2020 yılında yine bir dizide çalıştığını ve iş icabı yurt dışı seyahatine çıktığını hatırlatan Can, çocuğuyla görüşmek için yurt dışından Samsun’a gittiğini, orada yaşadığı olumsuzluklar sonucunda bir günlük görüşmenin bir aylık hapis cezasına dönüşme hikâyesini şu sözlerle ifade etti:

“4 Ocak 2020’de görüş günümde çocuğumu görmek için Samsun’a gittim. 5 Ocak’ta da dönüş bileti almıştım. Niyetim çocuğumla güzel bir gün geçirip geri gelmekti. Apartmanın önüne gittiğimde çocuk üşümesin diyerek beni yukarı çıkmaya davet etti. Ben de kapıdan çocuğu almak için yukarı çıktım ama bu kez çocuğun uyuduğunu, uyanana kadar içeride beklememi söyledi. İçeri girdiğimde bana tekme tokat saldırmaya başladı. Durdurmaya çalıştım ama durmadı. Ardından mutfaktan bıçak alıp üzerime savurmaya başladı. Elinden bıçağı alıp tekrar mutfağa bıraktım. O arada oğlum uyandı. Oğlum hadi gidelim deyince çocuk ‘baba ben gelmeyeceğim’ dedi. O ara şuurumu kaybettim ve kadına karşılık verdim. Çocuğumun ‘yeter baba!’ demesiyle kendime geldim. Hemen kendimi dışarı atıp avukatımı aradım. Avukat bana polis çağırmamı söyledi. Polis çağırdım ancak darp suçundan tutuklanıp bir ay cezaevinde yattım. Ardından ayda 40 bin lira kazandığım işimi kaybettim. Şu anda nafakamı ödeyemiyorum. 30 bin liradan fazla nafaka borcum var. Nafaka sebebiyle cezaevi mahkûmuyum ve şu anda da izinli olarak dışarıdayım. 15-20 gün sonra yeniden cezaevine döneceğim.”
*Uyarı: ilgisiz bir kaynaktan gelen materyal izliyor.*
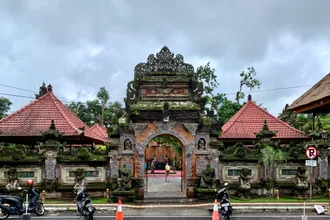 L’entrée sculptée du palais d’Ubud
“2 milyon nafaka mağdurundan 30 bini cezaevinde”

Elinde boşandığı kadının avukatıyla birlikte nitelikli olarak dolandırıldığına dair belgelerin, görüntü kayıtlarının olduğunu ve iftiraya maruz kaldığı bazı durumlara ait de görüntülerin olduğunu iddia eden Can, kadının yalan beyanının esas sayılması sebebiyle yaşadığı mağduriyeti şu şeklîde anlattı:

“Biz 6284 sayılı kanun karşıyız. Kanunda kadının beyanı esastır deniliyor. Yalan söyleyen kadının beyanı esas sayılıyor. Aynı kadının doğru söylediği, itiraf ettiği hususlar, lehime olan beyanlar esas alınmıyor. Çocuğumun araba çarpsın diye yola bırakıldığına şahit olan ve beyanda bulunan kadınların yazılı imzalı beyanları var ancak kabul edilmiyor. Kadın telefondan aldığı ses kayıtlarıyla bana ceza aldırıyor ama benim elimde deliller olmasına rağmen kadına ceza aldıramıyorum. Kendimi savunamıyor, haklılığımı ortaya koyamıyorum. Bugün 2 milyon nafaka mağduru var. 5 yıldır ayda 2 bin lira nafaka ödüyorum. İlk başta düzenli olarak ödemelerimi yapıyordum ama araçlarımın rehin alınması, işimi kaybetmem ve nafaka hayatımı durma noktasına getirdi. Artık evimin kirasını ödeyemiyor, çocuklarıma bakamıyorum. Bu amaçla haklılığımı savunmak için adalet yürüyüşü başlattım. Devlet büyüklerine yaşadıklarımı anlatmak için İstanbul’dan başlattığım yürüyüşümü Ankara’da sonlandırdım. 2 milyonun üzerinde mağdur var. Yaklaşık 30 bin kişi de iftiraya maruz kalıp nafaka mağduru olarak cezaevinde yatıyor. Kendim için çıktığım bu yolda anne babası boşanmak zorunda kalan ve bir mal gibi hacizlere maruz kalan çocuklar için yürüdüm. Suçu günahı olmadığı halde çocuklarından koparılan ve EYS’ye (Ebeveyne Yabancılaştırma Sendromu) maruz kalan anne babalar için yürüdüm. Kadın çok rahatlıkla çocuğa ‘baban seni terk etti, artık seni sevmiyor’ diyebiliyor. Böylelikle çocuğun içerindeki baba sevgisini öldürüyor. Benim gibi milyonlarca anne baba var. Devlet büyüklerine sesleniyorum! Ne olur bu işe bir son verelim. Bu yasaları derleyip toplayalım ve mağduriyetleri giderelim. Cinayetler son bulsun, kadınlar ölmesin, çocuklar anne babasız kalmasın.”